A Santiago no lo empujaron por las escaleras, no lo dejaron sin almuerzo, ni le escondieron la mochila. Le hicieron algo más sofisticado: lo cercaron con palabras, lo aislaron con consignas, lo hostigaron por pensar distinto. Peor aún: lo dejaron solo ante la mirada cómplice de un aula donde el silencio docente fue más ruidoso que cualquier grito.
Ahí está el dato incómodo, el que la militancia de guardapolvo blanco no quiere escuchar. El problema no es que un alumno piense como Milei, Macri o Montesquieu. El problema es que, en muchas escuelas, pensar fuera del manual oficial es motivo suficiente para ser señalado, marginado o corregido. Como si la pluralidad de ideas fuera un sacrilegio. Como si la escuela fuera un campo de adoctrinamiento emocional, donde la crítica debe pasar primero por el tamiz del relato.
Santiago se animó a denunciar. Lo recibió el Ministerio de Capital Humano, se reunió con funcionarios nacionales y encendió, sin quererlo, una alarma moral: ¿desde cuándo disentir es un acto de valentía en un espacio que debería enseñar a pensar libremente?
Hay algo profundamente retorcido en la idea de que un chico deba elegir entre callarse o ser perseguido. Como diría Kant, la educación es el medio por el cual el ser humano deja su estado de minoría de edad intelectual. Pero si esa educación impone dogmas, más que emancipar, somete. Y el kirchnerismo supo muy bien colonizar ese territorio: banderas, canciones, efemérides con militantes, próceres devenidos en remeras, y docentes que confunden pedagogía con panfleto.
Mientras tanto, el progresismo académico se rasga las vestiduras hablando de «formación crítica». Claro, crítica, pero siempre que sea contra el liberalismo, el mercado o la Constitución. Porque si el alumno osa citar a Hayek o rechazar una consigna partidaria, entonces no es un joven curioso, sino “un peligro para la convivencia escolar”.
Desde el punto de vista jurídico, el artículo 14 de la Constitución Nacional garantiza la libertad de expresión. El derecho a disentir, a manifestar ideas, a no comulgar con la liturgia del poder de turno. Pero en ciertos pasillos escolares parece que esa garantía tiene letra chica: rige solo para los que marchan con la pechera celeste y blanca del “Estado presente”.

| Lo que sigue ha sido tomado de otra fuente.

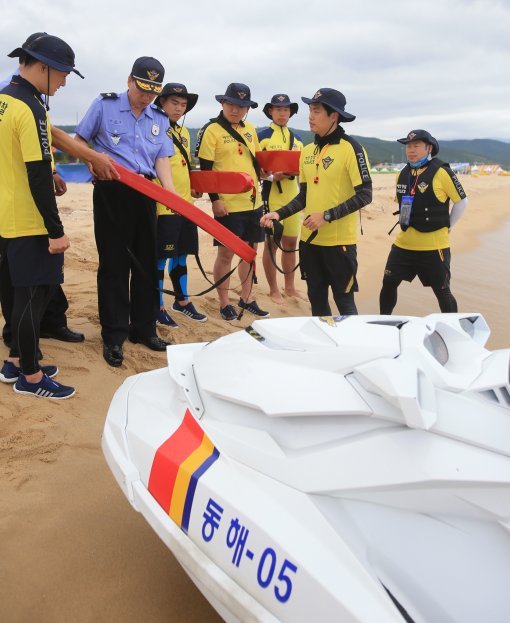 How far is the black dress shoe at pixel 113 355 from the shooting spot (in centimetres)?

La verdadera enseñanza ocurre cuando el alumno se siente libre para pensar sin miedo. Cuando se respeta la diversidad ideológica como un valor, no como un obstáculo. Todo lo demás —el discurso uniformado, el silencio cómplice, el “vos no entendés porque sos de derecha”— es simplemente una pedagogía del encierro. O peor: de la obediencia.
Hoy Santiago tiene un nombre. Mañana puede ser cualquiera. Porque cuando el aula se convierte en trinchera, los que pierden no son los partidos políticos: pierde la educación, pierde la democracia, pierde el país.